The FDA’s plan is “as bad as it could be for the future of laboratory medicine and pathology,” he says. “They are converting almost all clinical laboratories into manufacturers.”

He notes that the agency said that significant modifications to already approved devices will be considered LDTs and would receive greater scrutiny as such under its plan.

“What’s a major modification? If you’re using a robot to do the manual steps indicated in a test kit, does that count? What if you’re changing the reagent volumes specified in the kit, or replacing a buffer with a better buffer? Where does it stop?”

“Quite frankly,” Dr. Ashwood says, “we use a lot of FDA-approved kits but without following the standard operating instructions that come with those kits. We modify them and make them better.”

Another burdensome element of the FDA plan, according to Dr. Ashwood, is that when 510(k) submission is required, that would entail stating an LDT’s intended use.
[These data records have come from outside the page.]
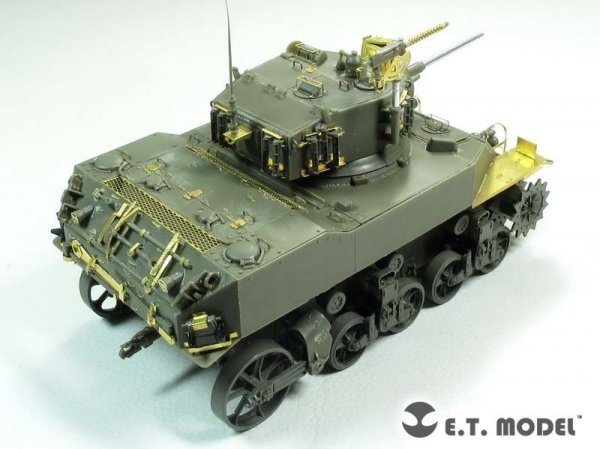 E.T. Model E35-187 WWII US Army M5A1 Early version (For AFV CLUB Kit) (1:35)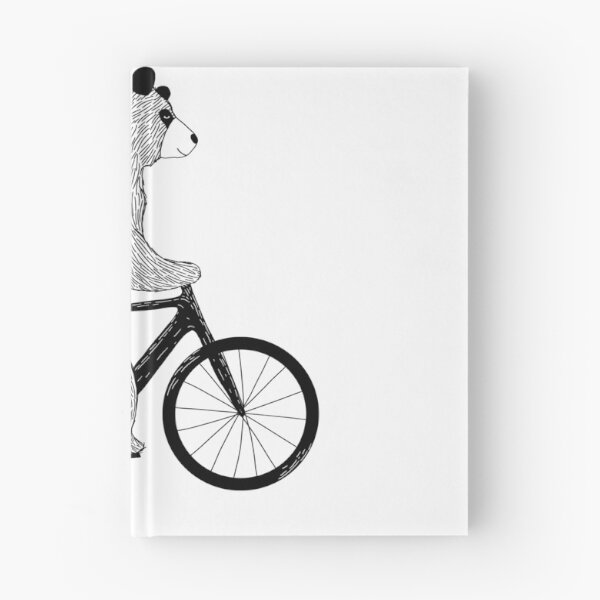 Item preview, Bicycle Bear B&W designed and sold by htimagery.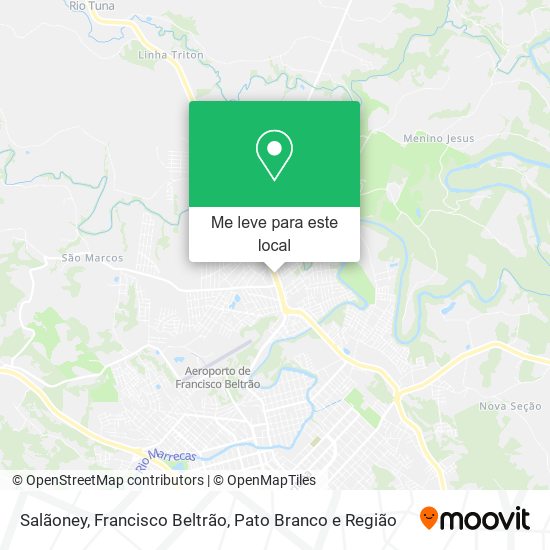 Salãoney mapa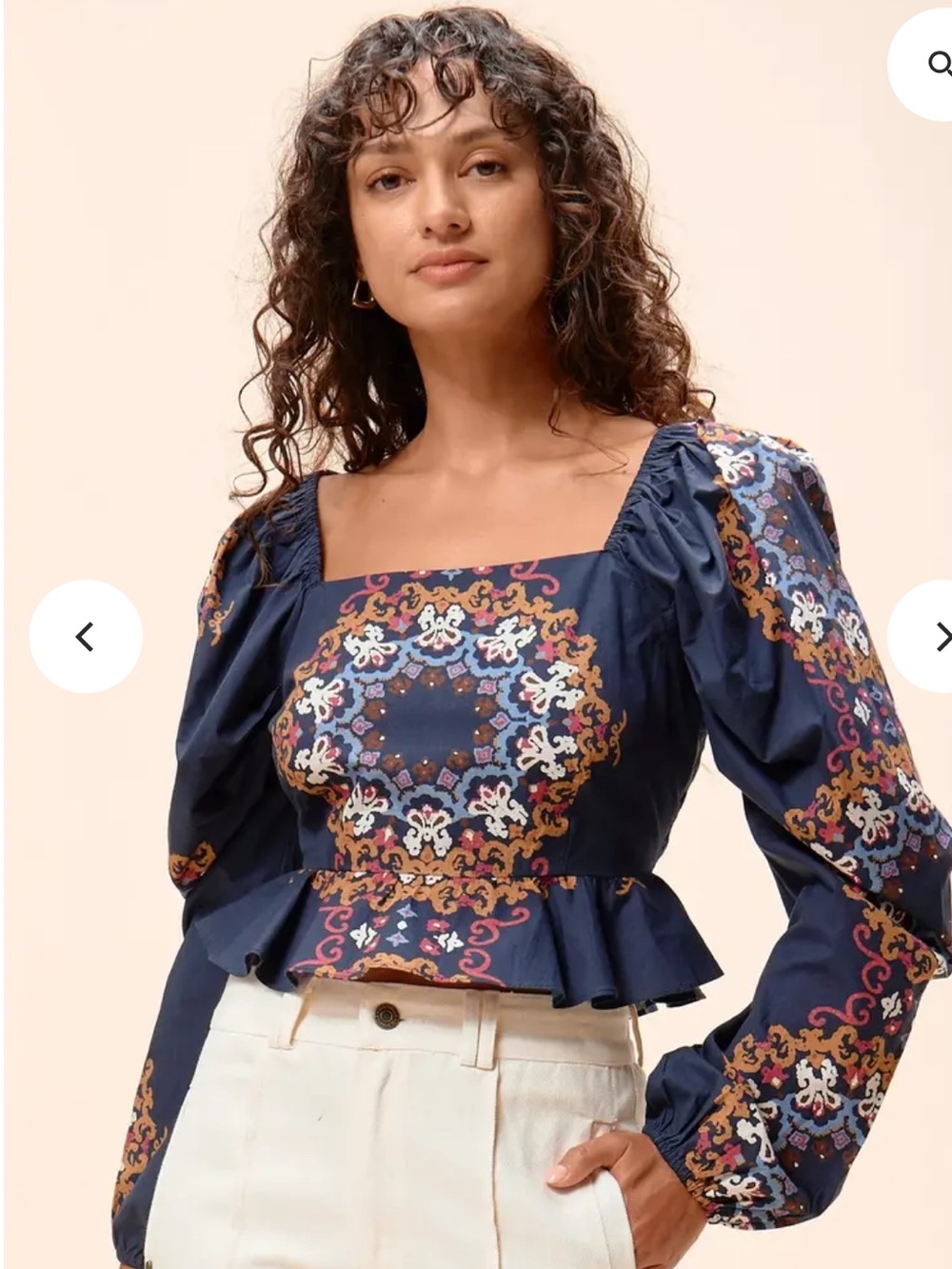 Cleobella 🔥 Elizabeth Top Venezia Print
“We don’t do that now,” he says. “Oftentimes, a laboratory-developed test’s intended use changes with time. The more you know, the more intended uses there are. It’s hard to specify that intended labeling up front and never deviate from it. It’s going to cost a lot, and it’s going to be very resource intensive, and not make anything safer or anything more effective.”

Roger D. Klein, MD, JD, chair of the Association for Molecular Pathology’s Professional Relations Committee, also objected strongly to elements of the FDA’s LDT plan. In a position statement, the AMP has said lab-developed tests should be called “laboratory-developed procedures,” arguing that the term better captures their nature as medical services as opposed to medical devices (Ferreira-Gonzalez A, et al. J Mol Diagn. 2014;16[1]:3–6).